### [Your objective]
In your copy, each line below is repeated exactly and no image appears.

### [Excerpted records]
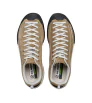 Градски Обувки Scarpa Mojito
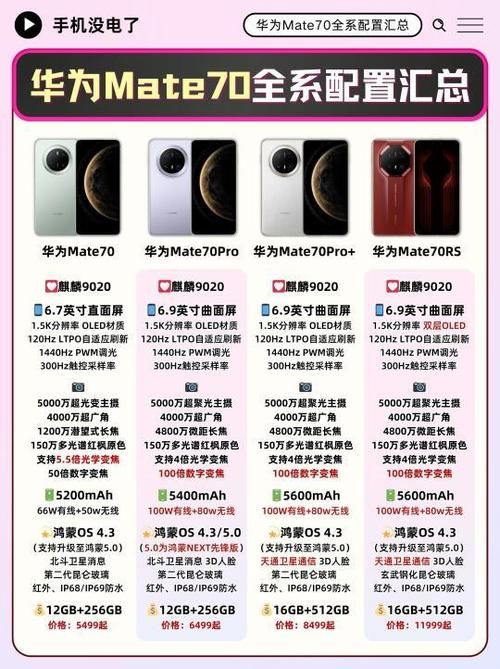 SOA亲妈姨妈歌手版好用吗？(用户真实反馈最新测评！)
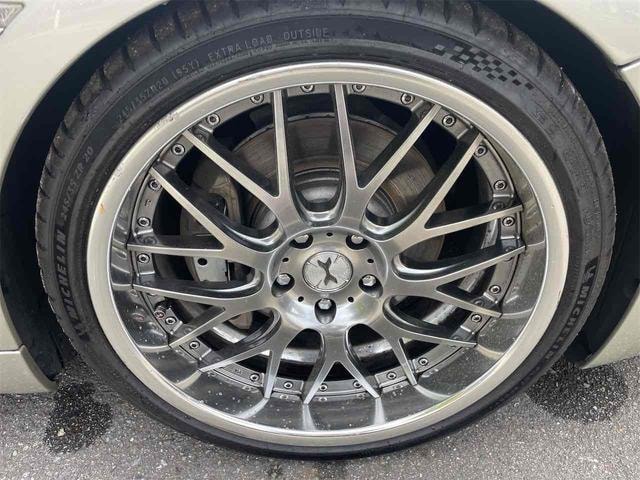 Миниатюра 62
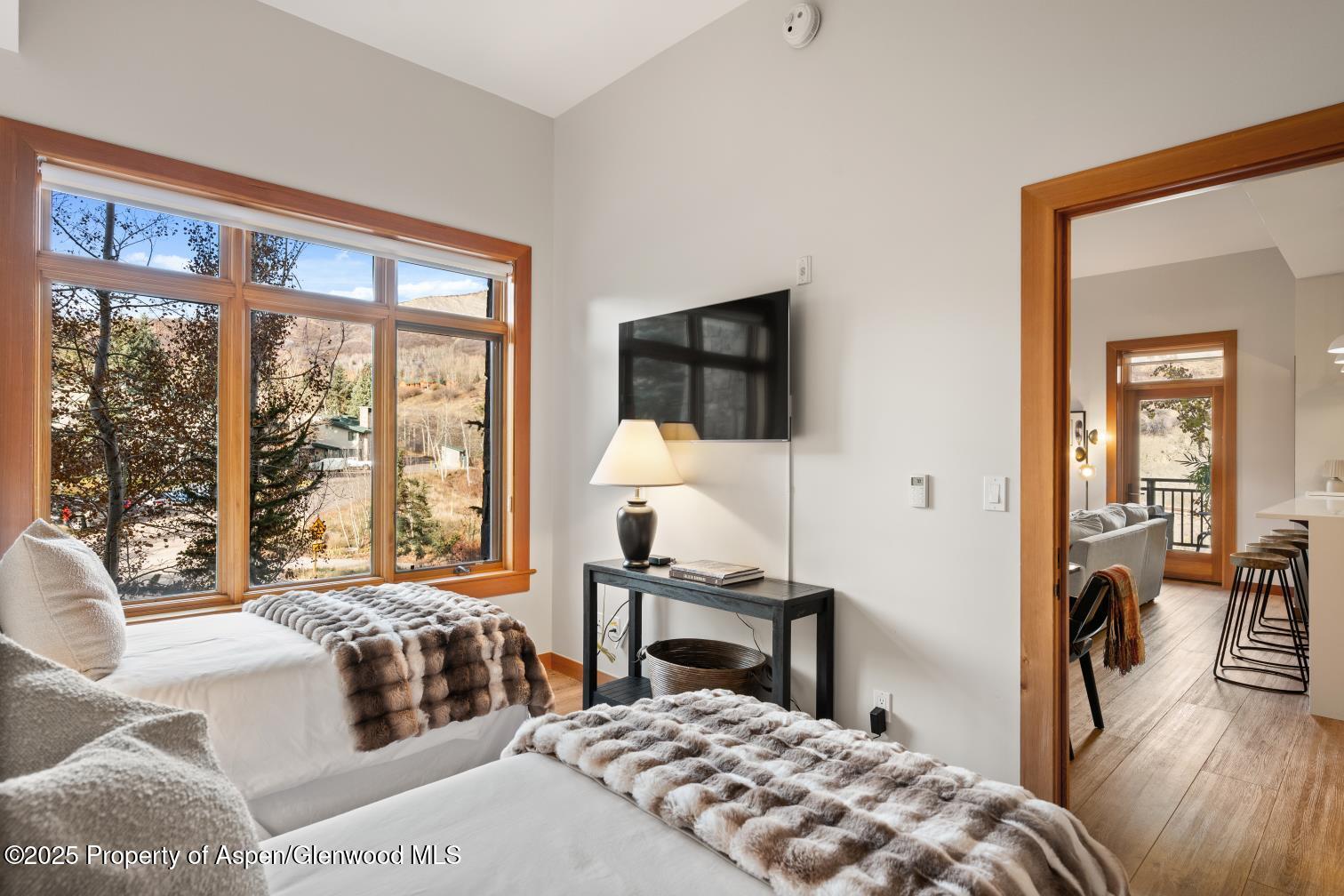 60 Carriage, 3029 Property Photo 12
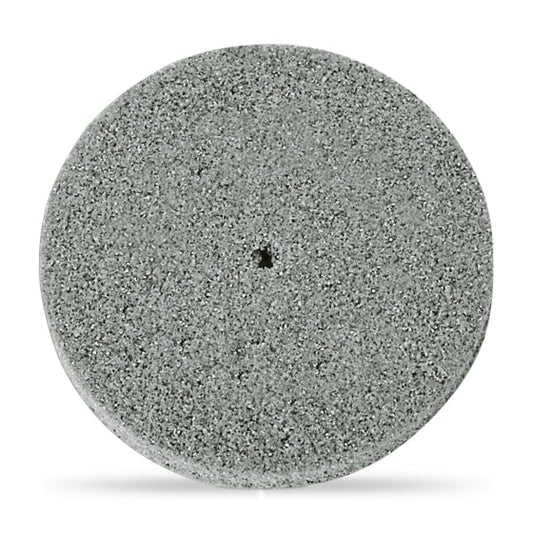 Renfert 910000 Polisoft, Wheel 22X3Mm 50 Pcs.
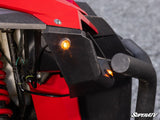 Honda Talon Deluxe Self-Canceling Turn Signal Kit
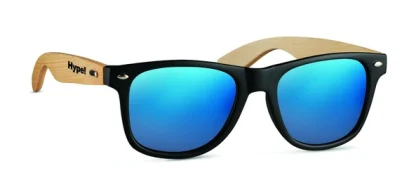Comet sunglasses
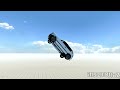 Beamng Drive Alpha Crash Testing 6 Hd images Beamng Drive Alpha Crash Testing 6 Hd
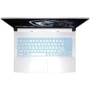 Ноутбук MSI Sword 15 A12UC-295 (SWORD1512295): Операционная система Windows 11 Home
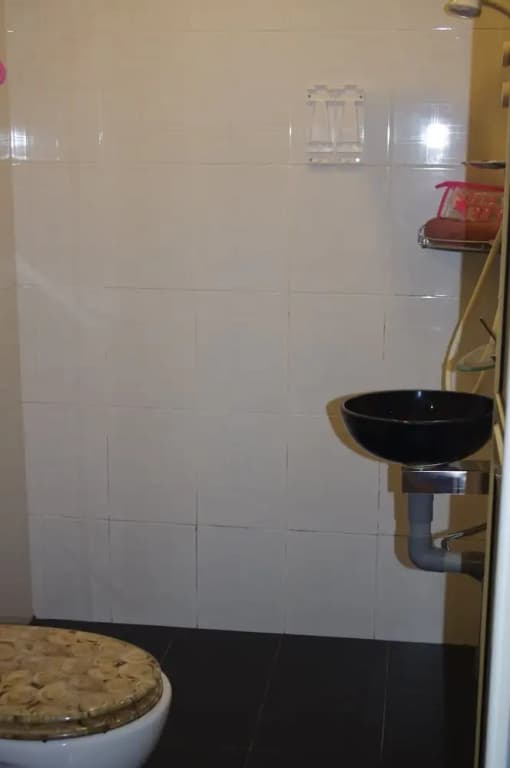 Love Guest House - photo 7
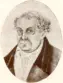 Matteo Tondi (1762-1835). Scienziato e mineralogista, riuscì tra mille peripezie a disegnare le macchine per far calze di seta e i forni per la fusione dei metalli e segretamente a inviarli all’ambasciata del Regno di Napoli a Vienna. 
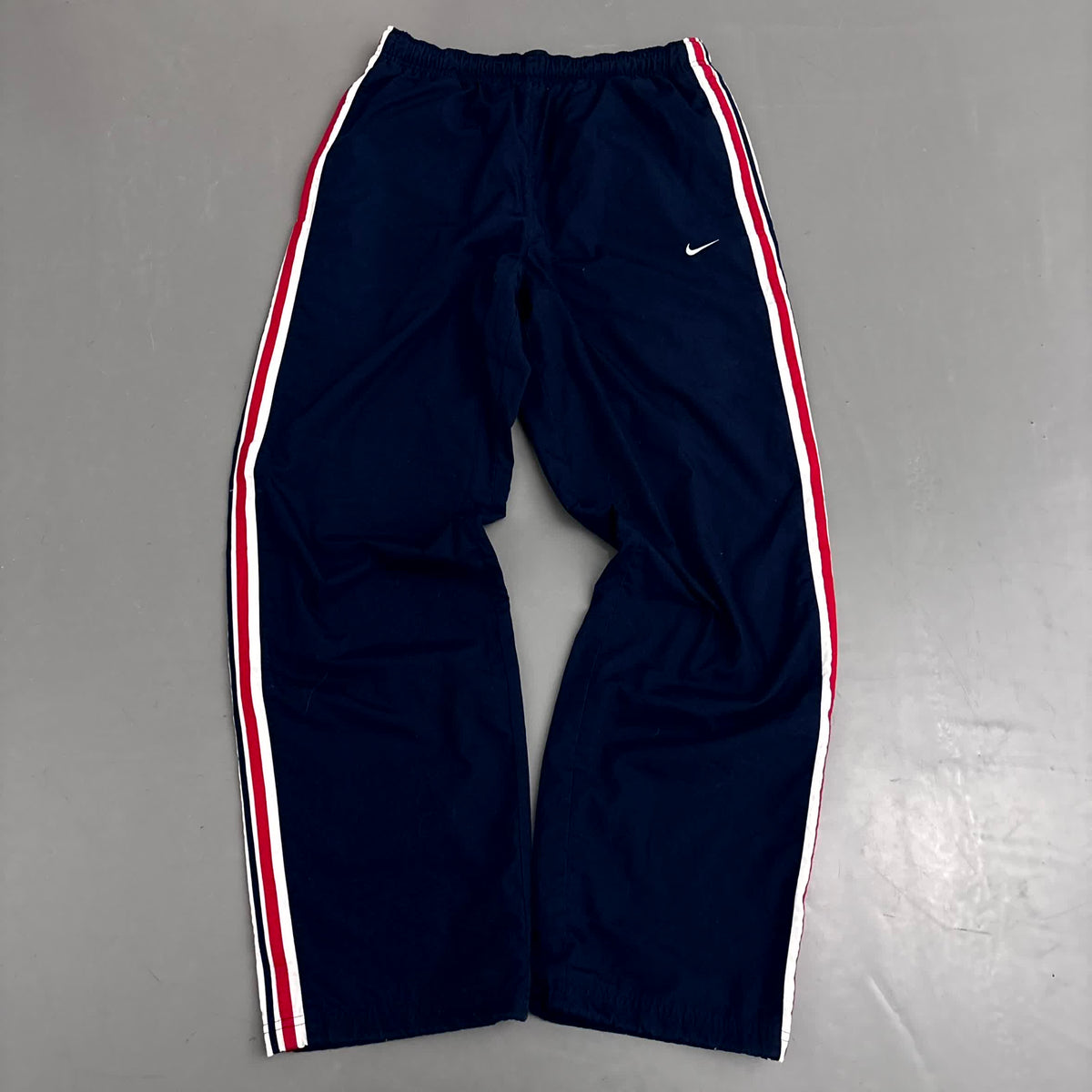 Nike Retro Premium træningsdragt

### [Answer for the task]
 Градски Обувки Scarpa Mojito
 SOA亲妈姨妈歌手版好用吗？(用户真实反馈最新测评！)
 Миниатюра 62
 60 Carriage, 3029 Property Photo 12
 Renfert 910000 Polisoft, Wheel 22X3Mm 50 Pcs.
 Honda Talon Deluxe Self-Canceling Turn Signal Kit
Comet sunglasses
 Beamng Drive Alpha Crash Testing 6 Hd images Beamng Drive Alpha Crash Testing 6 Hd
 Ноутбук MSI Sword 15 A12UC-295 (SWORD1512295): Операционная система Windows 11 Home
 Love Guest House - photo 7
 Matteo Tondi (1762-1835). Scienziato e mineralogista, riuscì tra mille peripezie a disegnare le macchine per far calze di seta e i forni per la fusione dei metalli e segretamente a inviarli all’ambasciata del Regno di Napoli a Vienna. 
 Nike Retro Premium træningsdragt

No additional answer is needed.